Regulations make Fast Food Meals Healthier for Kids, Study Reports
Regulations are effective in making fast food kids' meals healthier, a new study found.
For this study, the researchers set out to see if a new proposed policy aimed to make fast food kids' meals healthier would be effective. The policy, which was presented to the New York City Council, would require all meals that includes toys to also include one serving of fruit, vegetable or whole grain. The entire meal would also have nutritional restrictions, such as a limit of 500 calories.
The team recorded the purchases made by 358 adults at a fast food restaurant - Burger King, McDonald's and Wendy's - in New York City and New Jersey from 2013 to 2014. The meals were bought for 422 children with the average age of seven.

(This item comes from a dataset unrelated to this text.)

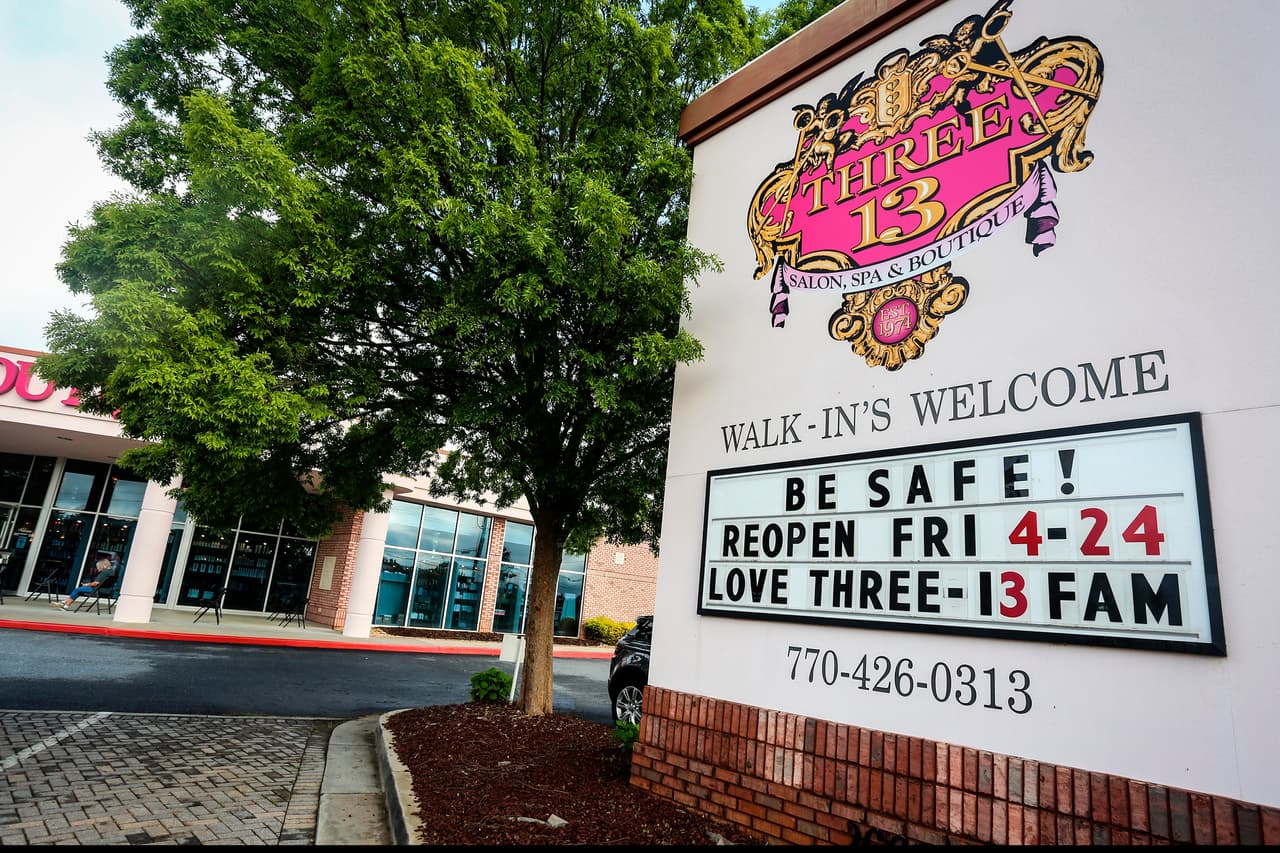 La reapertura inició luego de que el gobernador republicano alivió un cierre de un mes a pesar de las advertencias de expertos en salud sobre un posible nuevo aumento de las infecciones por coronavirus.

The researchers found that on average, parents bought their children a 600-calorie meal with roughly one-third of those calories sourced from fat. The meals also contained an averaged of 869 mg of salt. Based from these averages, the team concluded that if the children ate meals designed under the new policy, they would end up eating nine percent fewer calories, 10 percent fewer calories from fat and 10 percent fewer sodium.
"It's a rather small amount in comparison to how bad the country's obesity problem really is," senior author Marie Bragg, of NYU Langone Medical Center in New York acknowledged before adding that small amounts can add up. "There's a lot of value in the incremental changes that can sum up to a great impact with all the other changes occurring in the environment. We're at a point where we have to move the needle and we have to do it with policies like this."
The study was published in the American Journal of Preventive Medicine.